Truth: Some farmers did try strip-till farming decades ago and struggled to make it work. As with many things in agriculture, advances have been made to equipment and guidance systems since then. “Technology has definitely changed the [agriculture] game,” DeJong-Hughes adds. Manufacturers have improved their equipment technology and RTK guidance systems have advanced, adding another level of precision.
Strip-tillage may not be for every farmer, but tools and technology are improving to make it a viable option for many.
An RTK subscription is essential for staying on the zone during fall and/or spring tillage. Use VRT to apply the right amount of fertilizer per acre.
Myth: The equipment I need is too expensive.

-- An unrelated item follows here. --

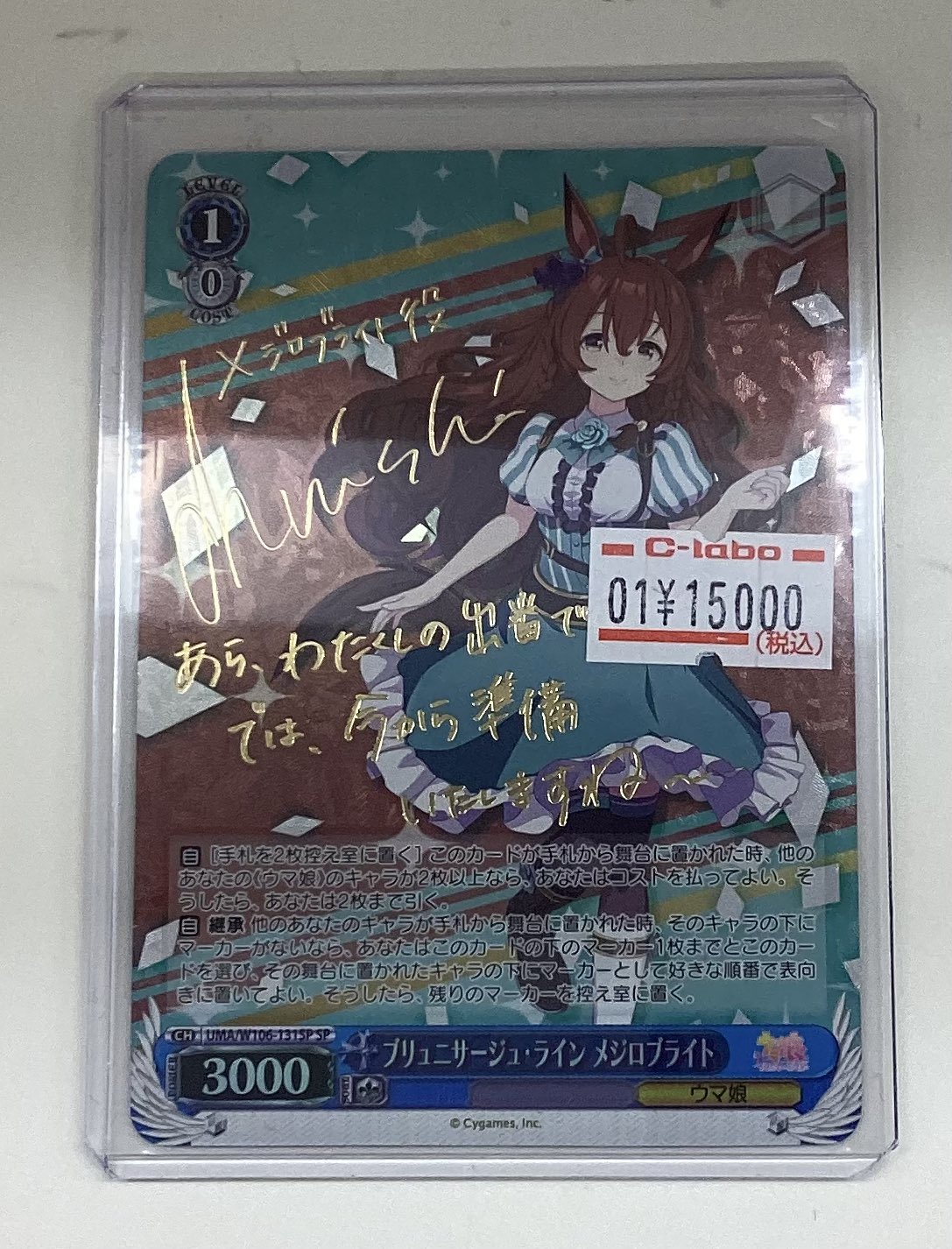 ヴァイスシュヴァルツ ウマ娘 ブリュ二サージ・ライン メジロブライト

Truth: As with most pieces of farm equipment, there is a significant investment involved to purchase strip-till equipment. However, converting to strip-tillage does make multiple implements obsolete. Because tillage, fertilization and planting takes place all at once, farmers would no longer need all of their current tillage equipment. Farmers use the same piece of equipment if they choose to do fall tillage.
“No one wants to get rid of traditional equipment until they’re sold on another practice,” says DeJong-Hughes. “But when someone believes in it, they’re more willing to pay for what they need.” DeJong-Hughes says some manufacturers will work with farmers to rent equipment to see if they like it and to see if strip tillage is right for them. Yearly cost savings can also help offset the cost of any equipment.
A three-year on-farm study in southwestern Minnesota showed that the farmer who practiced strip-tillage saved about $13.55 per acre compared to disk ripping and chisel plowing.
Attending a local tillage field day is a great way to learn about different tillage practices and equipment.